● Work to complete
Could you give back every record below exactly, leaving out the pictures?

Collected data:
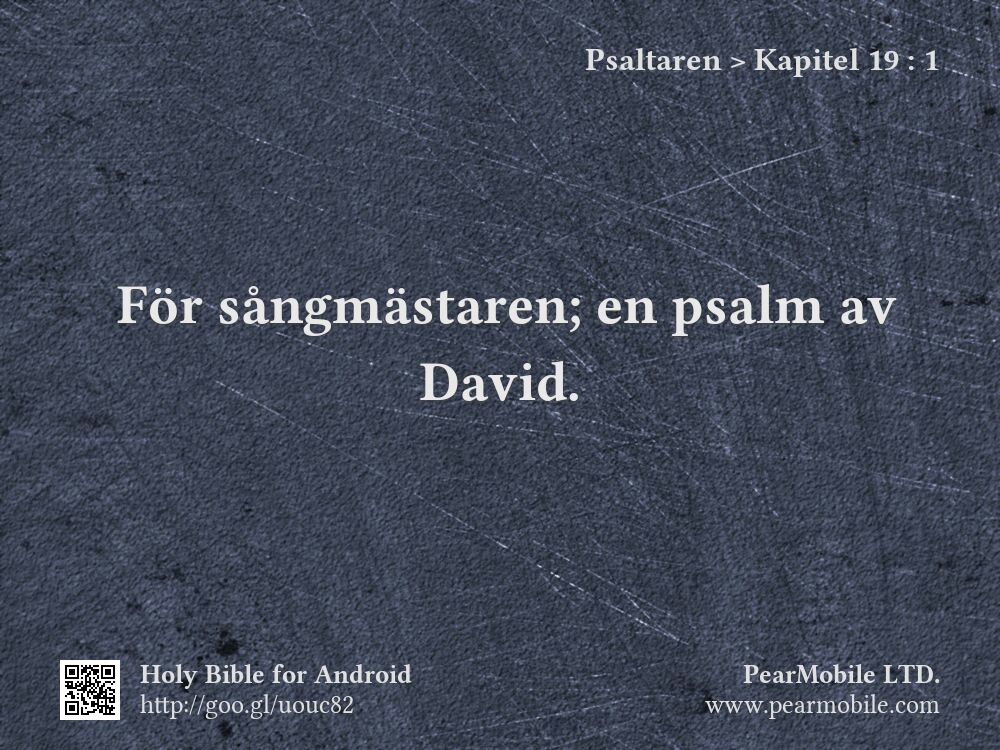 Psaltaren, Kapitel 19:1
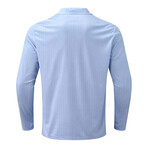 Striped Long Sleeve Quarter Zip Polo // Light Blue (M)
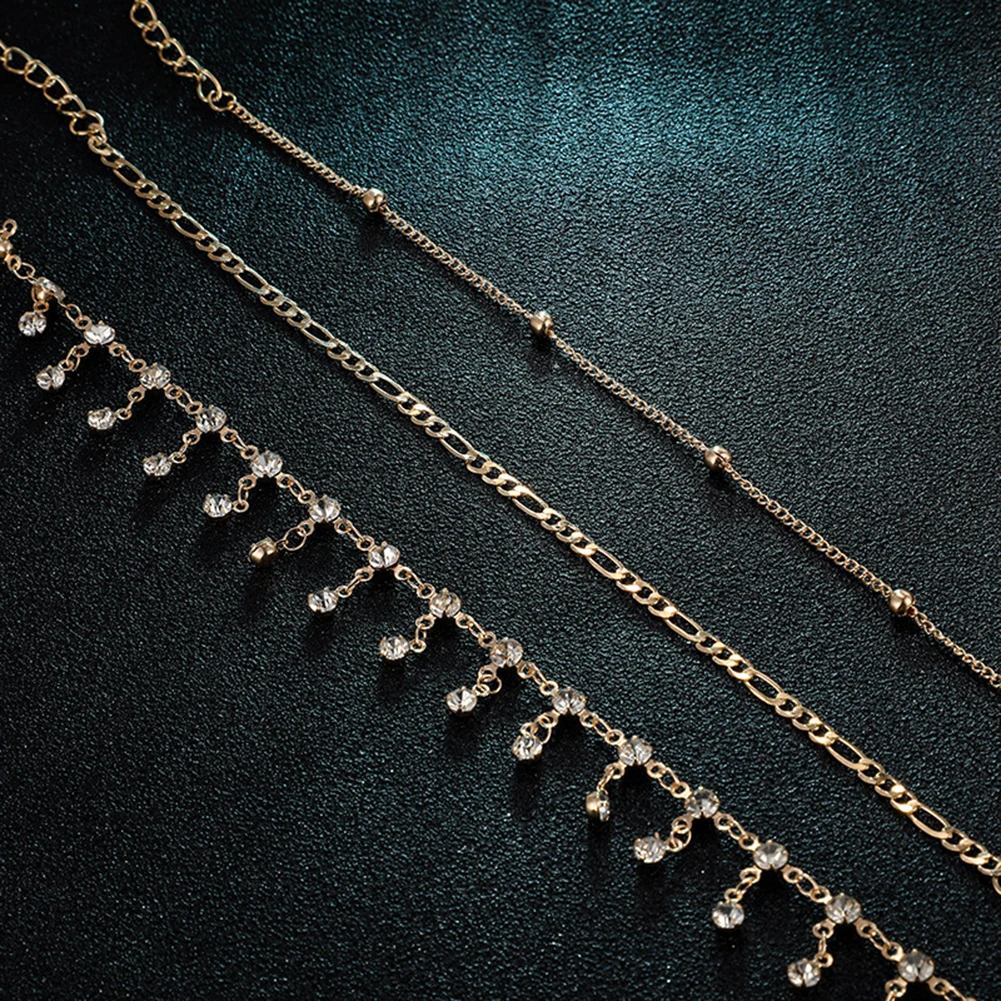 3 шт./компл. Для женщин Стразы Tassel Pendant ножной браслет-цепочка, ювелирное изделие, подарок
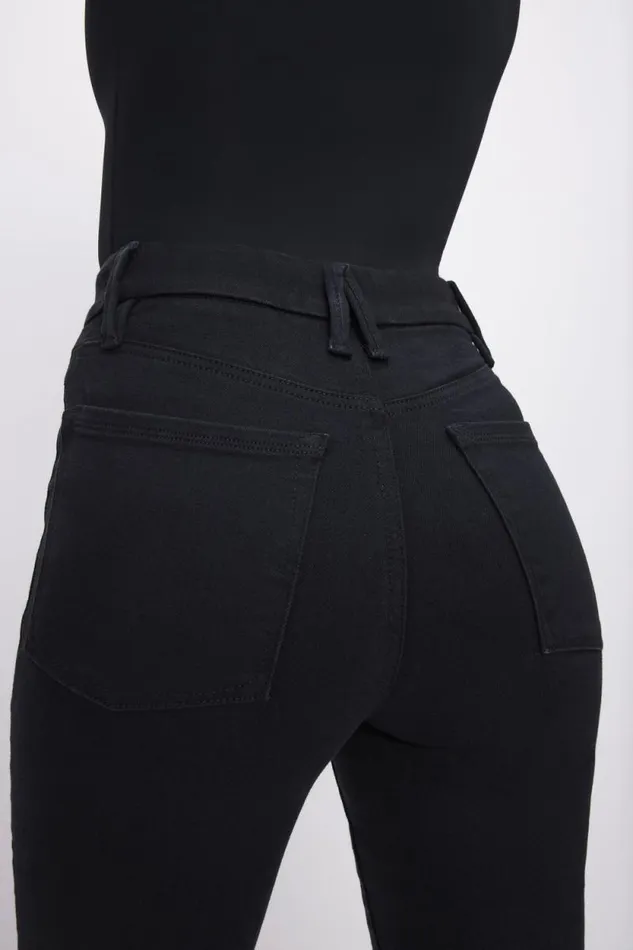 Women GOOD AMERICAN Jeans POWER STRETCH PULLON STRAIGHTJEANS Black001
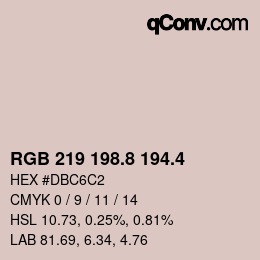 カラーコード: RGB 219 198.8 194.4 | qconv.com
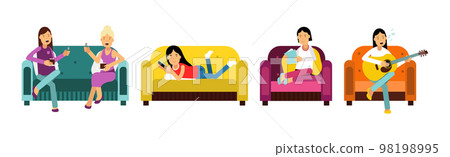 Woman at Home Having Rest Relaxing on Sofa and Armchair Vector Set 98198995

● Exercise solution
 Psaltaren, Kapitel 19:1
 Striped Long Sleeve Quarter Zip Polo // Light Blue (M)
 3 шт./компл. Для женщин Стразы Tassel Pendant ножной браслет-цепочка, ювелирное изделие, подарок
 Women GOOD AMERICAN Jeans POWER STRETCH PULLON STRAIGHTJEANS Black001
 カラーコード: RGB 219 198.8 194.4 | qconv.com
 Woman at Home Having Rest Relaxing on Sofa and Armchair Vector Set 98198995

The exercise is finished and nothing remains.